Now for a real application: Here I watch as Sun's C compiler chews through a source tree:
# ./amd64cpiu.sh Instructions CPI %CPU 2624028943 1.26 58.52 2992167837 1.19 63.17 2327129316 1.26 52.08 2046997158 1.27 46.14 2414376864 1.23 52.80 3305351199 1.23 70.72 ^C
That's not so bad, any memory access instructions must be hitting caches fairly often (something that we can confirm by measuring other PICs).
Beware of output such as the following:
# ./amd64cpiu.sh Instructions CPI %CPU 22695257 1.82 0.73 22197894 1.75 0.69 49626271 2.16 1.90 102731779 2.21 4.04 104795796 1.49 2.78 ^C
The CPUs are fairly idle (less than 5% utilization), and so CPI is less likely to be useful to indicate performance issues.
Suggested Actions: CPI
While many PICs produce interesting measurements, it's much more useful if there is some action we can take based on the results. The following is a list of suggestions based on CPI.
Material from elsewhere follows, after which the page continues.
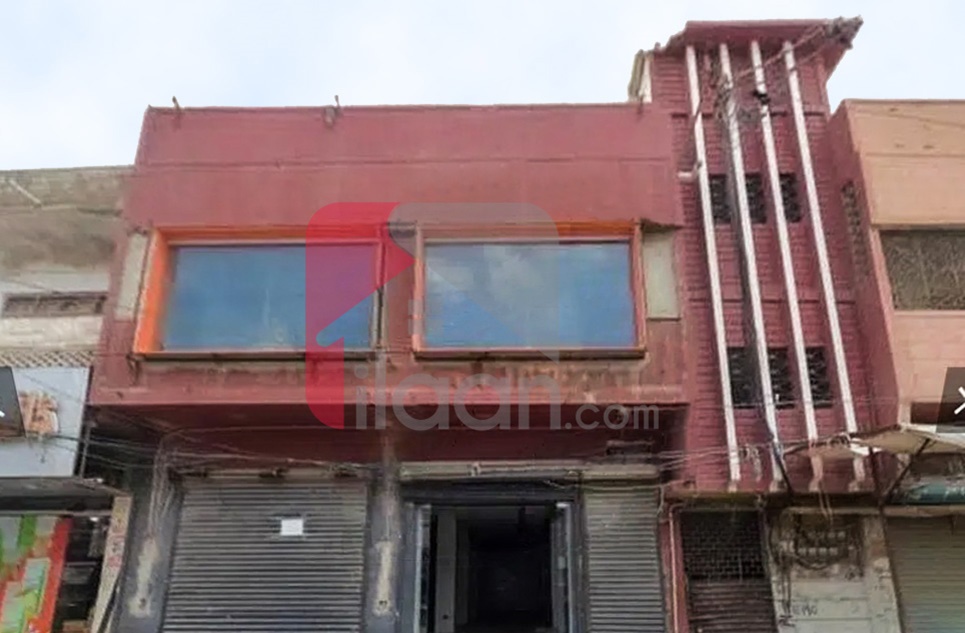 333 Sq.yd Building for Rent in Nazimabad, Karachi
Firstly, to be even considering this list you need to have a known and measured performance issue. If one or more CPUs are 100% busy, then that may be a performance issue and it can be useful to check CPI; if your CPUs are idle, then it probably won't be useful to check. As for a measured performance issue, it can be especially helpful to quantify an issue: eg, average latency is 150 ms. Tools such as DTrace can take these measurements.
- Measure other PICs. CPI is a high level metric, and there are many other PICs that will explain why CPI is high or low, such as cache hits and misses, TLB hits and misses, and memory locality.
- If CPI is low:
- Examine the application for unnecessary CPU work (eg, using DTrace)
- Get faster CPUs
- Get more CPUs
- If CPI is high:
- Examine the application for unnecessary memory work
- Recompile your application with optimization, and with Sun's C compiler
- Consider using processor sets to improve memory locality
- Get CPUs with larger caches
- Test different CPU architectures (multi-core/multi-thread may improve performance as bus distance is shorter)
I hope this has been helpful. And there are many more useful metrics to observe on AMD64 CPUs: CPI is just the beginning.